Instructions for the task >>
Please, without any pictures, set down exactly the part of the listing below that opens with the line containing "Rock mit Polka-Dots" and closes with the line containing "Bionic Comic Italic".

Data for this exercise >>
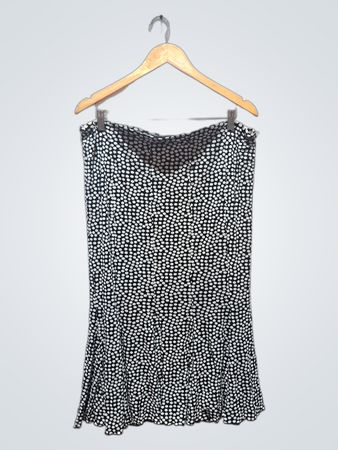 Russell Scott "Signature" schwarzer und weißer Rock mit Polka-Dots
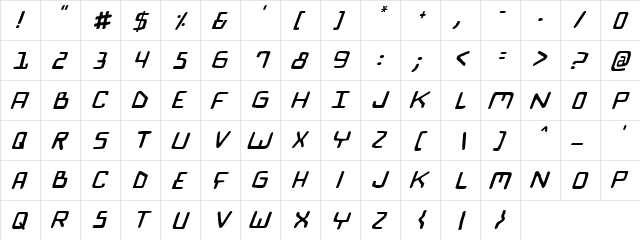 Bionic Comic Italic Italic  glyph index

...

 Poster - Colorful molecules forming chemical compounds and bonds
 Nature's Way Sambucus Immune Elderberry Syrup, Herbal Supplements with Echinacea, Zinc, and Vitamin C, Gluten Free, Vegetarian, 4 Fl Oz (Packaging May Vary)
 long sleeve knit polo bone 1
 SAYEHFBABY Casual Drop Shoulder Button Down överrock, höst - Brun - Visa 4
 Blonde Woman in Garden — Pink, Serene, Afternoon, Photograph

==

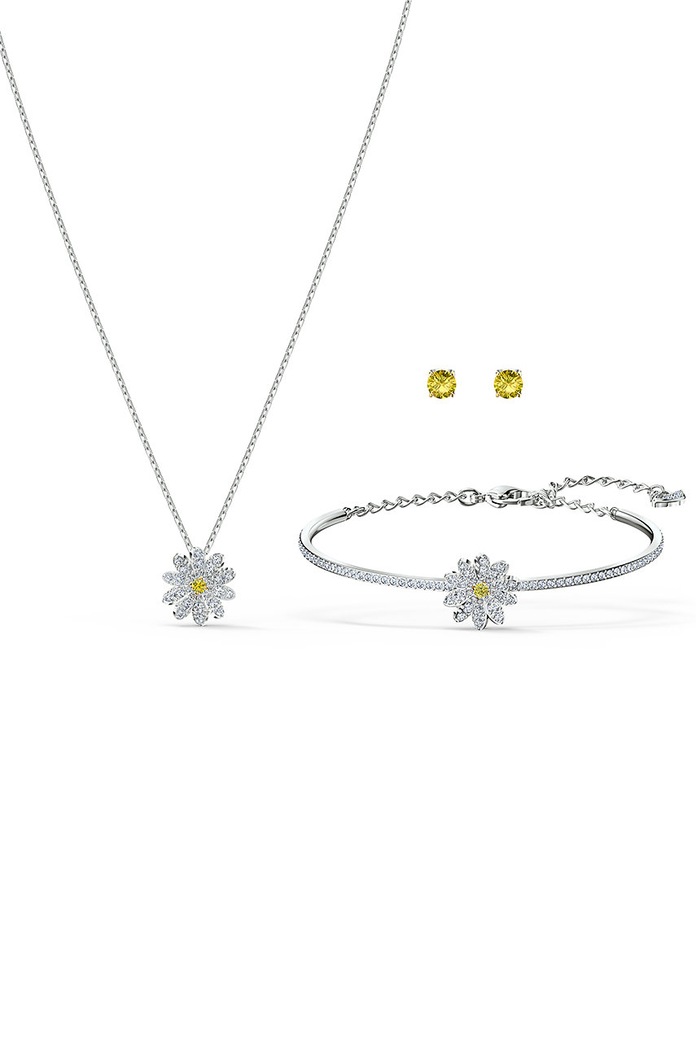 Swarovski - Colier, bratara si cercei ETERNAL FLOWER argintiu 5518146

Completed task >>
 Russell Scott "Signature" schwarzer und weißer Rock mit Polka-Dots
 Bionic Comic Italic Italic  glyph index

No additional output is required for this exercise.